[Opening Supplied information section]
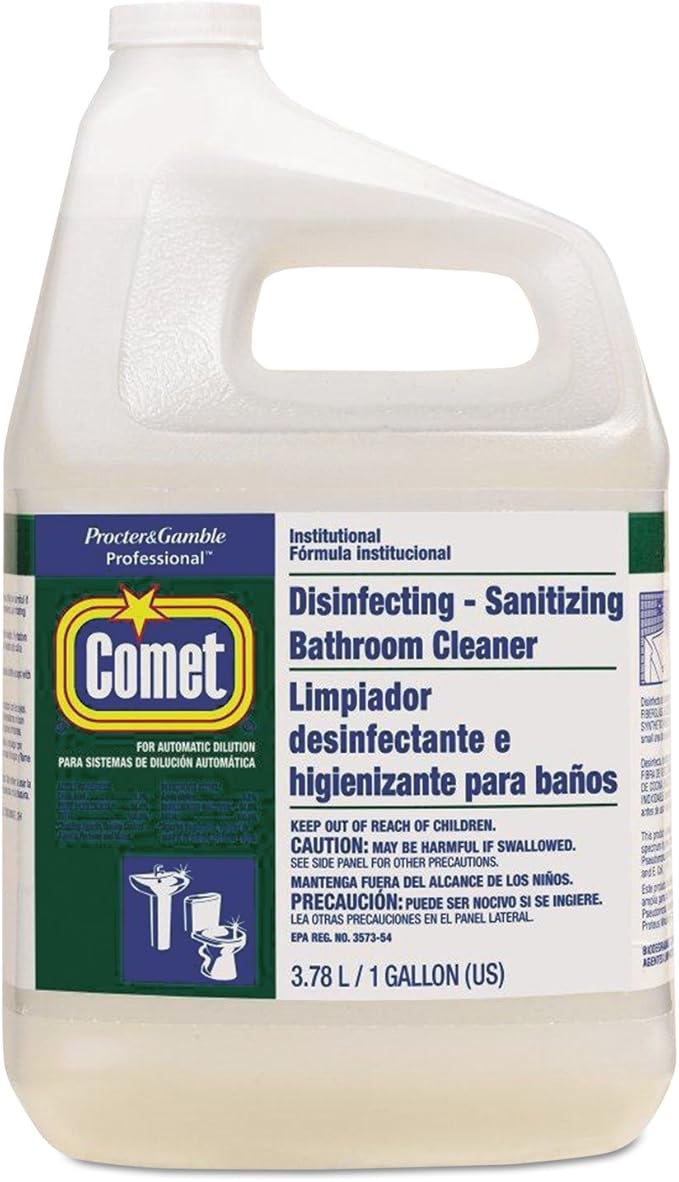 Disinfecting-Sanitizing Bathroom Cleaner, One Gallon Bottle, 3/Carton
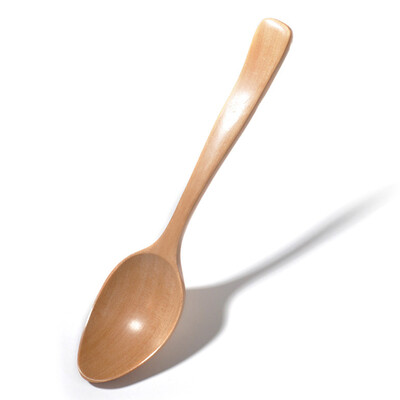 

Natural Japanese Style Kitchen Cooking Wooden Wood Soup Spoon Healthy Wood Spoon Rice Spoon Children Tableware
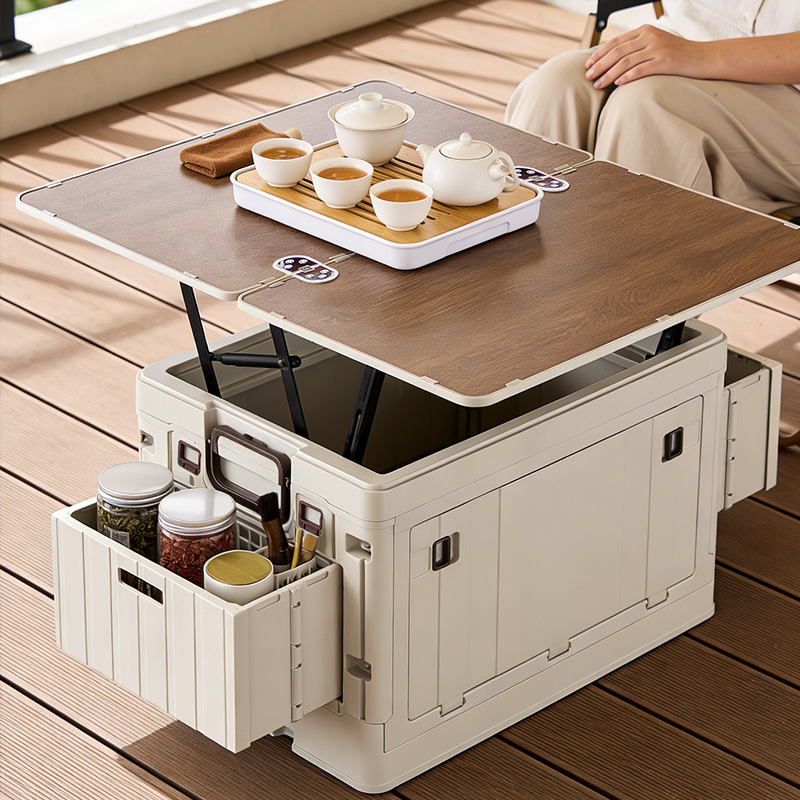 صندوق تخزين متعدد الاستخدامات  - مراجعة Outdoor Camping Bin وسعره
[Closing Supplied information section]
» Exercise instructions
Down to the last line, print the material exactly, but not its pictures.

» Task result
 Disinfecting-Sanitizing Bathroom Cleaner, One Gallon Bottle, 3/Carton

Natural Japanese Style Kitchen Cooking Wooden Wood Soup Spoon Healthy Wood Spoon Rice Spoon Children Tableware
 صندوق تخزين متعدد الاستخدامات  - مراجعة Outdoor Camping Bin وسعره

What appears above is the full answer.